Occurrence: Worldwide.
Age affected: Newborn (all ages).
Causes: Poor housing, lack of bedding, wet conditions, starvation.
Effects: Shivering, pallor, cold skin, lethargy, prone to infection, death.
Hypothermia
Hypothermia occurs when pigs experience low environmental temperatures and cannot maintain their body temperature at 38.5-39°C (101.5-102.5°F). It is most serious in piglets aged 0-7 days, but can occur in pigs of any age and can even kill adults of particular breeds in certain circumstances. Piglets require environmental temperatures of 34°C or more for the single neonate, or 25-30°C or more for the piglet able to huddle in order to maintain body temperature. The piglet has no brown fat (used by mammals to generate heat quickly) so the piglet cannot use fat to generate heat in cold conditions. It must therefore use glucose and may be able to maintain both blood glucose levels and body temperatures if able take in sufficient milk from the sow. Any interruption of intake or too high a demand for energy (as in piglets with low body weights or very low temperatures and wet conditions) results in use of glycogen (animal starch) reserves from the liver. When these are exhausted, the piglet’s body temperature begins to fall as does its blood glucose. In piglets aged 7 days and more, gluconeogenesis (the formation of glucose from proteins) can maintain the blood glucose level and prevent the reduction in body temperature.
This condition is not transmissible, but will recur if pigs are kept in the same conditions.

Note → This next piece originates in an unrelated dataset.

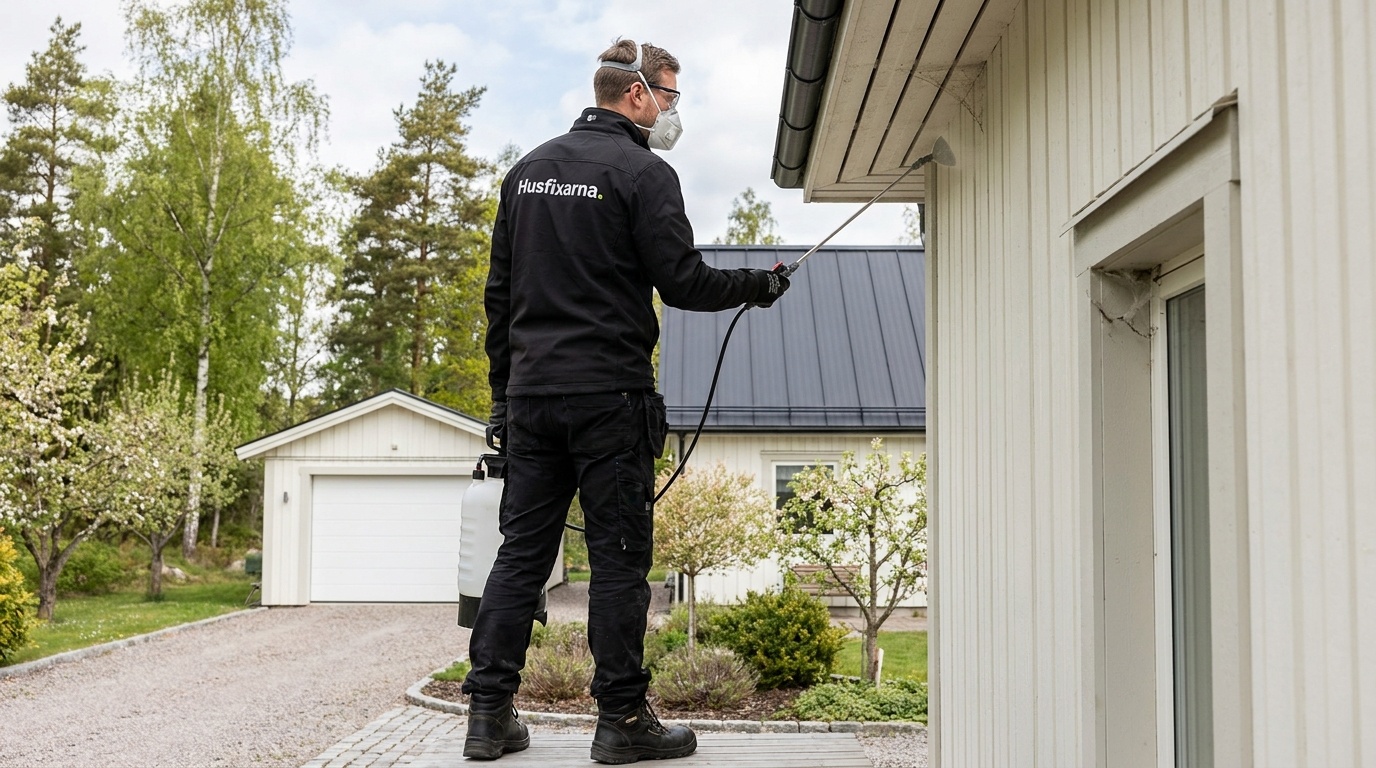 Spindelsanering Flen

Piglets in low temperatures huddle under lights or against the sow, and older pigs huddle together. Single older pigs attempt to bury themselves in bedding if available. Piglets suffering from hypothermia, have an erect hair coat, they shiver and develop signs of hypoglycaemia such as uncertain gait, supporting themselves by placing their noses on the ground and spreading their hind limbs. More severely affected pigs rest on their abdomens but eventually fall on their sides and develop convulsions which are accompanied by slowing of the heart to 80 beats/minute, a decline in rectal temperature, shivering and dullness. Death normally occurs 24-36 hours after the commencement of the signs. Hypothermia in older pigs is less likely to lead to death, but in all cases there is an increase in appetite, less live weight gain per kg of feed, an increase in the length of the hair coat and a reduction in body condition and fat thickness. Chilling may lead to failure to show oestrus in sows and gilts, a decline in bodily condition which results in lower litter sizes and to bluish ears and extremities. Vietnamese pot-bellied pigs may die of hypothermia if maintained on high roughage diets and not protected from sudden cold.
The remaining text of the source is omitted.